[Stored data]
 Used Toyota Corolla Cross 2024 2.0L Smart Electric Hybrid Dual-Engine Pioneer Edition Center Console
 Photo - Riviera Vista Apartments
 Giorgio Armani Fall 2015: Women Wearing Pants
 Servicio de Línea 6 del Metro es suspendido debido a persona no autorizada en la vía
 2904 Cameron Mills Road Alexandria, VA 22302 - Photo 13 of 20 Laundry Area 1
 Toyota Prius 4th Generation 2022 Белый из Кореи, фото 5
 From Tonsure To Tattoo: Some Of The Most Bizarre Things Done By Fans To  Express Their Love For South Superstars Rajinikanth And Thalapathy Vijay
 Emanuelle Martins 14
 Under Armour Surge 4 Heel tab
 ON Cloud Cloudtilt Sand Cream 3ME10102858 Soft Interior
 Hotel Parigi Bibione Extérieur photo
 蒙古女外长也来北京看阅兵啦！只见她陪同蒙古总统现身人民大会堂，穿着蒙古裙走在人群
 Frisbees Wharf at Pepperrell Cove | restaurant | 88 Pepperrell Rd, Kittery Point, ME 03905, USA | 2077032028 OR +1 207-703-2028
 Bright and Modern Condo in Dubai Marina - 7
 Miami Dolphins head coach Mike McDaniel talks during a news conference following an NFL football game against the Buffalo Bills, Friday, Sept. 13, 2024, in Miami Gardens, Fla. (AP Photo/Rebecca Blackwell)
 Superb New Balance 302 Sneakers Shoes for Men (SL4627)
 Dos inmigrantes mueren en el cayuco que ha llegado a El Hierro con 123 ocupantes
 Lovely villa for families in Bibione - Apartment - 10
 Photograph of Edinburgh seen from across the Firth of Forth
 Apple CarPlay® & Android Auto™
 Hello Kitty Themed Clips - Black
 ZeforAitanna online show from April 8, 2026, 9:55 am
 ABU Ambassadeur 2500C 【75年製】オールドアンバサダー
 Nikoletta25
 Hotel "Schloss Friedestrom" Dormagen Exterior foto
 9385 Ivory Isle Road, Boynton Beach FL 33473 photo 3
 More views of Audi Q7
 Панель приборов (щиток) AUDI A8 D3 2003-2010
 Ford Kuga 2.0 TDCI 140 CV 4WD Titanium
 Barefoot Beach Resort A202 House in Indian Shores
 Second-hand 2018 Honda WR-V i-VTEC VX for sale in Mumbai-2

▶ **The problem**
Could you set down, word for word, only the lines above from the line with "Toyota Prius 4th" to the line with "蒙古女外长也来北京看阅兵啦！", including both?

▶ **Expected answer**
 Toyota Prius 4th Generation 2022 Белый из Кореи, фото 5
 From Tonsure To Tattoo: Some Of The Most Bizarre Things Done By Fans To  Express Their Love For South Superstars Rajinikanth And Thalapathy Vijay
 Emanuelle Martins 14
 Under Armour Surge 4 Heel tab
 ON Cloud Cloudtilt Sand Cream 3ME10102858 Soft Interior
 Hotel Parigi Bibione Extérieur photo
 蒙古女外长也来北京看阅兵啦！只见她陪同蒙古总统现身人民大会堂，穿着蒙古裙走在人群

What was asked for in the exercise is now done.